• _Aim of the exercise_
Check each line of the entries below for the word "plantas", and copy out the ones that have it.

• _Recorded information_
========

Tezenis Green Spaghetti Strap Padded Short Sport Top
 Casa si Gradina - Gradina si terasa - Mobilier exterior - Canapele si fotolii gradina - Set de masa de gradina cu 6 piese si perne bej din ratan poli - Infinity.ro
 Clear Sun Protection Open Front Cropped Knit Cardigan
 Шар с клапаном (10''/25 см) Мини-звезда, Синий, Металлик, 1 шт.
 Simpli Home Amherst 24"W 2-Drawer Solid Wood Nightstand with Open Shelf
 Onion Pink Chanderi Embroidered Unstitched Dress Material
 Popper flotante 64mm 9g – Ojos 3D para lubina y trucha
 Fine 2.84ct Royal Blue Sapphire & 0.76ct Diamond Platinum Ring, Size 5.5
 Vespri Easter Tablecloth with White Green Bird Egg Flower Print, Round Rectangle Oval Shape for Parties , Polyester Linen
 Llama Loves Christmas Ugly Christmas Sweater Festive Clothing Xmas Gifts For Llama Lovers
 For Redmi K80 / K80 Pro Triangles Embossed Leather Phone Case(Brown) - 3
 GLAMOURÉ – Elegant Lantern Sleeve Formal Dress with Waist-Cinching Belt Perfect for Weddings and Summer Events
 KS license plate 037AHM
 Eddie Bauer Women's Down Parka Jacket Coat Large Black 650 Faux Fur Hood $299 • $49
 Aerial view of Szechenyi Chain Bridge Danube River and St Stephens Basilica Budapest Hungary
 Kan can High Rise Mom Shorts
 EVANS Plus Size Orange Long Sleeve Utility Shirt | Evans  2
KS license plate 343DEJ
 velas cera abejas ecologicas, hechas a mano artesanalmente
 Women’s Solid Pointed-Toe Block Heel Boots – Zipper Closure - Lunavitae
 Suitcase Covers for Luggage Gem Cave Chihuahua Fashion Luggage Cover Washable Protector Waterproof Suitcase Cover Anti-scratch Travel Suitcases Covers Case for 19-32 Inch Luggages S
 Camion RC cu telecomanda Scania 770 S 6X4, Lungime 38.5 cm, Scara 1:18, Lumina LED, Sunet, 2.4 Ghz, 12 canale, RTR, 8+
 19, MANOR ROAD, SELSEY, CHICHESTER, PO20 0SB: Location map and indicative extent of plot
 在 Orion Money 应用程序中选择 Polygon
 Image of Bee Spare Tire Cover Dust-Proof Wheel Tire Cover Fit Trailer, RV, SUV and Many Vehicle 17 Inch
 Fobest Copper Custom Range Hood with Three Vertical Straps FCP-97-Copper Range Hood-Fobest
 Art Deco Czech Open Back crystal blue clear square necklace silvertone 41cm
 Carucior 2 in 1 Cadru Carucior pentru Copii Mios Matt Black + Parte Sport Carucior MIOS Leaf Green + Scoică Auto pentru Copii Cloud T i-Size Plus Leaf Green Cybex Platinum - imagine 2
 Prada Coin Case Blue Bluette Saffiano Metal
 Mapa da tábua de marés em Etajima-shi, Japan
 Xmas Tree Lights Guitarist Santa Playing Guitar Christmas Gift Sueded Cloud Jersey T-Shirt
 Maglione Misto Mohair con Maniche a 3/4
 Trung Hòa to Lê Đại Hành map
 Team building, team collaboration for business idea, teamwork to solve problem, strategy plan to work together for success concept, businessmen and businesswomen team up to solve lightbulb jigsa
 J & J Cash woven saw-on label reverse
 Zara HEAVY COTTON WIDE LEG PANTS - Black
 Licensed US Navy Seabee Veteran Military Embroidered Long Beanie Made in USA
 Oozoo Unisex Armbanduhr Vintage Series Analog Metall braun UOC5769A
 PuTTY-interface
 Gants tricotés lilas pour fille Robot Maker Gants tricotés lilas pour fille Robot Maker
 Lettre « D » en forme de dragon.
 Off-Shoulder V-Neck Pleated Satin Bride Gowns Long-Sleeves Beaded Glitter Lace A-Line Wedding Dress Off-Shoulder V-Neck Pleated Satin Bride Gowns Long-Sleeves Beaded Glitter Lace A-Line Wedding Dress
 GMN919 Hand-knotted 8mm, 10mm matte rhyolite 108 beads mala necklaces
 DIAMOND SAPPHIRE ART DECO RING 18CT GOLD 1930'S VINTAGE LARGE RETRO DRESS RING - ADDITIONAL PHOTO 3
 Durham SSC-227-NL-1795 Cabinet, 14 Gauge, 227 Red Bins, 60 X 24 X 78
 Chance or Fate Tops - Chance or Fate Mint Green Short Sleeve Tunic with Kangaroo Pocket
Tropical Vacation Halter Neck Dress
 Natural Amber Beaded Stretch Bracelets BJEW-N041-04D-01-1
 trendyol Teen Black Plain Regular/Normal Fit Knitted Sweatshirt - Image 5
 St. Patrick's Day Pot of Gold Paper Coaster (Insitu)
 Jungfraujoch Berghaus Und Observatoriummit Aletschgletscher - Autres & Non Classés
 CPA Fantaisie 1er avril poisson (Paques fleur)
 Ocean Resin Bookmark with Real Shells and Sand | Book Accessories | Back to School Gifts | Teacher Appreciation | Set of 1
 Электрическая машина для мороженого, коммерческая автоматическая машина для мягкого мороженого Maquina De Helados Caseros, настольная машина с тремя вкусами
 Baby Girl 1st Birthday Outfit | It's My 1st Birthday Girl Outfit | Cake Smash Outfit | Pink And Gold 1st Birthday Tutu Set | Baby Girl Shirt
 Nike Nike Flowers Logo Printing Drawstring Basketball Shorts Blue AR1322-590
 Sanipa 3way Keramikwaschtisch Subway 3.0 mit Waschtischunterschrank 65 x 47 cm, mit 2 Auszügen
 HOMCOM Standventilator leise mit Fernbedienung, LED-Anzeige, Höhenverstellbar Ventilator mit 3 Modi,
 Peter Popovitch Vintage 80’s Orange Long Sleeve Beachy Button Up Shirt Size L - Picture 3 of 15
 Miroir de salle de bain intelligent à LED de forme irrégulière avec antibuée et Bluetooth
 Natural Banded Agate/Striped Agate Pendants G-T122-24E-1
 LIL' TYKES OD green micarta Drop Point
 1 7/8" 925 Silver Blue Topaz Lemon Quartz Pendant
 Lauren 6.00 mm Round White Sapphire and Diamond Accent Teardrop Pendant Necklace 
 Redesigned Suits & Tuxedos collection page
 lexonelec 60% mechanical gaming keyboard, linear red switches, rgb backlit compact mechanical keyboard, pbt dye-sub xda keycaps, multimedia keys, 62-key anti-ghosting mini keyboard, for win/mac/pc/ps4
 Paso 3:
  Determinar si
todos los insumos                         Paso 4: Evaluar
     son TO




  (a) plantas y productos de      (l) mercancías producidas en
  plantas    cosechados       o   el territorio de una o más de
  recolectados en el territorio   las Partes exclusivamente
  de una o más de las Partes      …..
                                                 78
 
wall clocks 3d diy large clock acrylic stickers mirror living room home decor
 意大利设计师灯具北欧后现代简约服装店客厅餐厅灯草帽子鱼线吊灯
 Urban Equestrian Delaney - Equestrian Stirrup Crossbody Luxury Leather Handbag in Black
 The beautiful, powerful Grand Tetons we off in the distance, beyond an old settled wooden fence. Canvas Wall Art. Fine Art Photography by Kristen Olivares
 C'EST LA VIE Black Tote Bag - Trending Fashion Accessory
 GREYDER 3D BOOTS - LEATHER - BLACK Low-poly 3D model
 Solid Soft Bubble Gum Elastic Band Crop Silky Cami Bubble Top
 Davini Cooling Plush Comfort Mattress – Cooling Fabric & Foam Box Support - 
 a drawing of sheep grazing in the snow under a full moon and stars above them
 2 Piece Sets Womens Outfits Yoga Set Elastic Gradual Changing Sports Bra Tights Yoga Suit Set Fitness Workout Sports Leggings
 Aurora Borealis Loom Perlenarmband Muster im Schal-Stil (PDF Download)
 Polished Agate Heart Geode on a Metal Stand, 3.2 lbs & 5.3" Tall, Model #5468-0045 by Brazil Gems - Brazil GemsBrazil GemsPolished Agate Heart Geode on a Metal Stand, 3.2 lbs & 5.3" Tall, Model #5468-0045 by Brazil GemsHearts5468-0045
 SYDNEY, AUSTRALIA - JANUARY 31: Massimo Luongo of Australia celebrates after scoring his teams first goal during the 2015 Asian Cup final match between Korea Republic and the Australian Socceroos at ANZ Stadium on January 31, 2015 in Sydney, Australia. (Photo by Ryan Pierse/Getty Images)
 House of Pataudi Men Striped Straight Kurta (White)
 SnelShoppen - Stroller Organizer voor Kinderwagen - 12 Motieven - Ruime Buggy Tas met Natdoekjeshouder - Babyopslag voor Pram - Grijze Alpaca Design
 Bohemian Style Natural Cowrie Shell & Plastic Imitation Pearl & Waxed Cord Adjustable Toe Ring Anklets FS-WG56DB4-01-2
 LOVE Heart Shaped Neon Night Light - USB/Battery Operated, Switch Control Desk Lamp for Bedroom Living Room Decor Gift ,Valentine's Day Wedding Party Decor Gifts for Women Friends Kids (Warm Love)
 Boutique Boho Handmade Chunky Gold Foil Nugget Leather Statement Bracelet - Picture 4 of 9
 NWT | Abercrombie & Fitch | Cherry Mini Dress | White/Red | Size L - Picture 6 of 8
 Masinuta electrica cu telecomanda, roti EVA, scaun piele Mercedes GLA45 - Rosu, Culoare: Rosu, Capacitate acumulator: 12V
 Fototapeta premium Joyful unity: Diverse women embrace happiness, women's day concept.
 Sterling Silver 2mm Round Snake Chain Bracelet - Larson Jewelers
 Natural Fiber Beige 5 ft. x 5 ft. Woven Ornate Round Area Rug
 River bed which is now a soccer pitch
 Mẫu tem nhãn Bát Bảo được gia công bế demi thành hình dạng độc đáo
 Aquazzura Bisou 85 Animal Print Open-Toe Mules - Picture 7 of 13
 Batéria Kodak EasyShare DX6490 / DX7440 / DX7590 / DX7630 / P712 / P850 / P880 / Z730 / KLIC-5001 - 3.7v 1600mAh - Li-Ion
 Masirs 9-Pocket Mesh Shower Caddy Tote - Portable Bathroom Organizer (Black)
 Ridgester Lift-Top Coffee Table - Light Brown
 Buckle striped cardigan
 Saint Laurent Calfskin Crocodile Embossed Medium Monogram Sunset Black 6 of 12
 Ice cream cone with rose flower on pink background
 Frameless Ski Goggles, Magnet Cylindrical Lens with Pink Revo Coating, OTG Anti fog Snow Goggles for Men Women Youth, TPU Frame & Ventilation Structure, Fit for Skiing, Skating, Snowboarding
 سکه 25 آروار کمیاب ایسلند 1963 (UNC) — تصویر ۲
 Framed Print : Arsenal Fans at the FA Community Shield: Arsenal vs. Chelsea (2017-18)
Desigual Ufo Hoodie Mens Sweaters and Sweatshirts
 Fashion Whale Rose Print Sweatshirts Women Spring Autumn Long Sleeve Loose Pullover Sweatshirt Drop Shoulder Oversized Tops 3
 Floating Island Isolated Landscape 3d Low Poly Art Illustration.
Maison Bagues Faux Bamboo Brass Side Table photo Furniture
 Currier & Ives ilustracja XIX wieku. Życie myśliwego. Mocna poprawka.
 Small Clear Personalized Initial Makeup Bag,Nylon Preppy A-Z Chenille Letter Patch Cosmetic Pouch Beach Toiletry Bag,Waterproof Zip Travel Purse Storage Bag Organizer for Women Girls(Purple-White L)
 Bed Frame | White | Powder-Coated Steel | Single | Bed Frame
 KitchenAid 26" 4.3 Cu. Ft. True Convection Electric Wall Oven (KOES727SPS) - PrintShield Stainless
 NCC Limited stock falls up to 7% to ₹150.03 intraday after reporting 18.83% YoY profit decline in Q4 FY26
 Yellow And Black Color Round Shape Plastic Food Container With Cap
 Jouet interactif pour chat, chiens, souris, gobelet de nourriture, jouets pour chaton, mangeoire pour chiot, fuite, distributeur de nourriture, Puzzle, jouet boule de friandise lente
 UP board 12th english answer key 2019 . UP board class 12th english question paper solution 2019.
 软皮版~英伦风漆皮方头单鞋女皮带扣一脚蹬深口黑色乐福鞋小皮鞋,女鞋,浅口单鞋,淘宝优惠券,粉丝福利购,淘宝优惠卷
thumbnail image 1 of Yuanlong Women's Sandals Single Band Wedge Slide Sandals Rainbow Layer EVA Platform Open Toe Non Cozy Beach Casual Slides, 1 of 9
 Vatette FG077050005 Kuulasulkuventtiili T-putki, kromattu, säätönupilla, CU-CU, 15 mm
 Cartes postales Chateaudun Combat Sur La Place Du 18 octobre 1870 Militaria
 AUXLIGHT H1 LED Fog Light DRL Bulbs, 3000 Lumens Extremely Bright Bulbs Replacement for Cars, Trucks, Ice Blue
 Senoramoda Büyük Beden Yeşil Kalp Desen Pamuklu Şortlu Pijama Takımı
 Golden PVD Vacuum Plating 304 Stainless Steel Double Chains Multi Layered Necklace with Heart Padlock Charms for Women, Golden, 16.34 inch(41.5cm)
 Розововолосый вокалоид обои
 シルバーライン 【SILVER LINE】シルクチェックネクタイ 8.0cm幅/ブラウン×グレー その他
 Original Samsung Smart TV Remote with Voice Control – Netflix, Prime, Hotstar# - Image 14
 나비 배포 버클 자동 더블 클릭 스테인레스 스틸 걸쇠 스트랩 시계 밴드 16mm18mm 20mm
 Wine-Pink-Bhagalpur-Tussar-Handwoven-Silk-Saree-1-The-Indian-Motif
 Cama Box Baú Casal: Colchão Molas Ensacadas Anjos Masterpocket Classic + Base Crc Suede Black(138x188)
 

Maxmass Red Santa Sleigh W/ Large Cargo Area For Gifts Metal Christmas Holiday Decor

========

• _Task solution_
  (a) plantas y productos de      (l) mercancías producidas en
  plantas    cosechados       o   el territorio de una o más de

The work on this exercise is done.